剛好這時候,手機震動的聲響,從迪蘭進門之后丟在一邊的背包傳來。
“手機有可能是爸爸。”被老虎咬疼了的迪蘭,這會打起退堂鼓,想支一個借口出去。
“不管他。”尤里伸手把棉花糖給撈回來,另一手把浴室的門關上,將他們和室外隔絕。
尤里嘴上說著不到結婚不會進一步,然而迪蘭發現在他家的浴室,其實什么東西都準備好了。
如果不是對方把東西翻出來的時候動作不是很熟練,把里面的油灑得滿地都是,迪蘭都懷疑尤拉奇卡經常研究它們。
“做好決定了以后永遠都不會后悔”
磨蹭到最后相貼之前,尤里給了迪蘭最后一次機會,面對著他低聲詢問道。
到底是被壓制著,迪蘭眨了眨眼睛,抓住男友手臂的手指動了動。
“”
但等他張開口,還沒有來得及說出什么,面前的男人就說著倒計時結束,把機會給收回去。
“嗯呃”
陌生又怪異的感覺讓迪蘭忍不住哼叫,腰背也條件反射的挺直拱起,雙眼睜大卻只是迷茫的盯著浴室天花板的燈罩,失去了聚焦的能力。
情侶之間的玩鬧斷斷續續,持續了一整天。
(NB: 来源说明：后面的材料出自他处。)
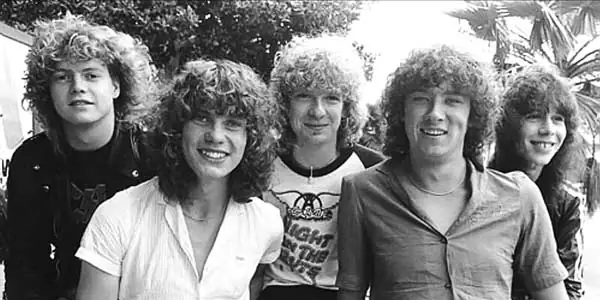 Def Leppard: guarda il video 'Facts' dall'album "High N' Dry"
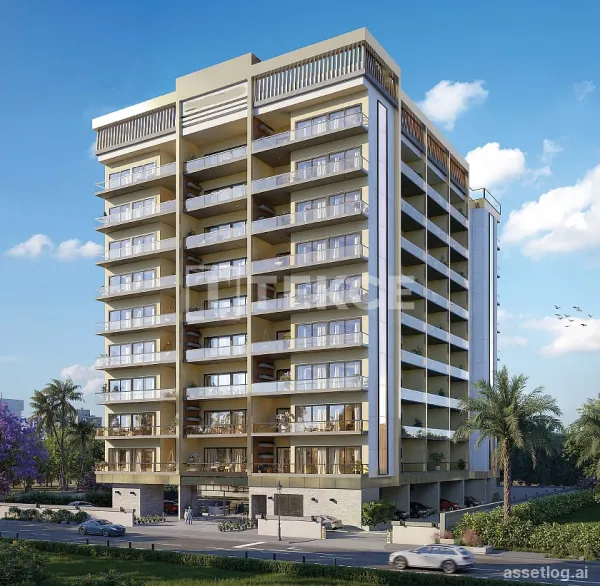 Furnished Apartments with Rooftop Wellness Amenities in Liwan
整個公寓都被整得亂七八糟的,從進門旁邊的浴室開始,到客廳的沙發,推開時想要跑開而弄臟的地毯,以及臥室里面,迪蘭曾經說過很喜歡其柔軟程度的床墊。
迪蘭第一次發現,以前對他哭聲,即便是裝模作樣的假哭都沒辦法的尤拉奇卡,在這一次完全失去了作用。即便他從第四次開始,已經演變成真哭,對方只是隨意不走心的哄他兩下,然后把想做的事情繼續做下去。
尤里用行動力表示,自己比完賽,又趕近十個小時的飛機頂著六個小時時差,再去訓練場練了好幾個小時之后,體力依舊是很好的水平。
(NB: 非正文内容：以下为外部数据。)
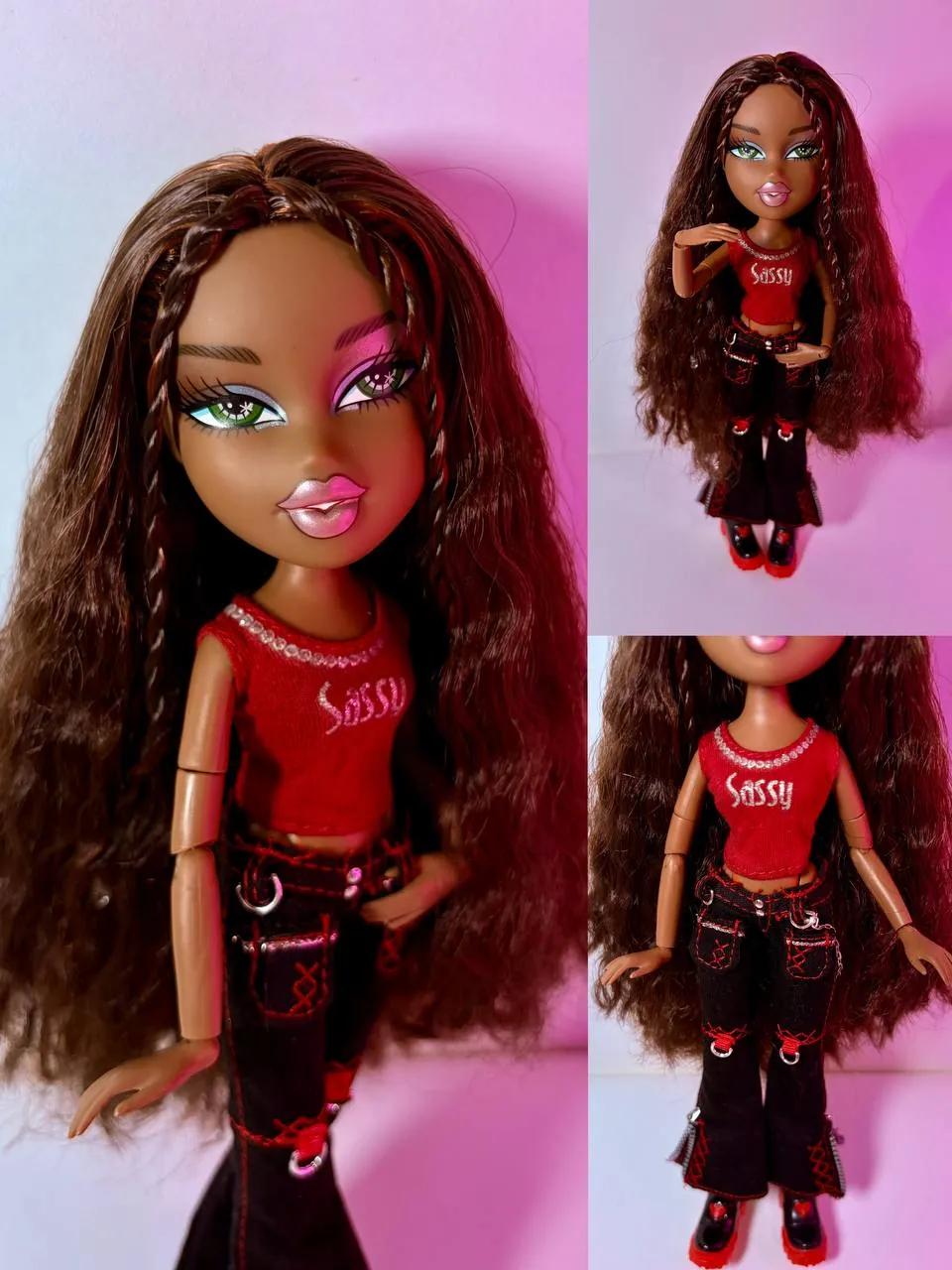 Коллекционные куклы Bratz набор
等真正休息的時候,是表演滑結束第三天。迪蘭側躺在床墊干凈的那一邊,他的男朋友在他身后擁著他,合蓋同一張毛毯。
因為床墊另外一邊已經被弄臟了,所以兩人只能合著擠雙人床干凈的那一邊,兩個人睡一個人的位置。
迪蘭這時候身體上的疲憊,加上時差帶來的反應,是已經連抬手推一下身后大老虎,都沒力氣的狀態。
他的手和腳是真的像尤拉奇卡說的那樣,軟得跟個面條一樣。
早先在門口響得不停的手機,已經被尤拉奇卡拿回來,介于迪蘭現在的狀態,大老虎正以在其后面圈著他側躺,手穿過腰間幫忙把手機距離開給迪蘭看的姿勢。
手機在剛到迪蘭面前就自動解鎖了,顯示出里面二十多個未接電話。
不是大父親就是勇利爸爸的。
尤里也看到手機里面顯示的未接電話記錄,左手圈住棉花糖的腰,往自己這邊攬緊一點,惹來了迪蘭的一聲軟綿綿的哼唧。
“那只俄羅斯大狗熊要殺了我了。”
享受著寧靜的溫存時光,尤里在迪蘭耳邊開口。話雖然是那么說,但其實他本人的左手,已經按在了迪蘭肚臍眼下面那塊腹肌,來回摩挲著。
那是剛才迪蘭哭喊尖叫著說到那去了的位置。
時差影響下的迪蘭睜開了一點眼睛,看到面前的手機,上面顯示大父親的名字,無意識的吐槽了一句。
“爸爸三十歲才退的役,尤拉奇卡才27歲”
說完眼簾又緩慢合上,看起來要睡著了。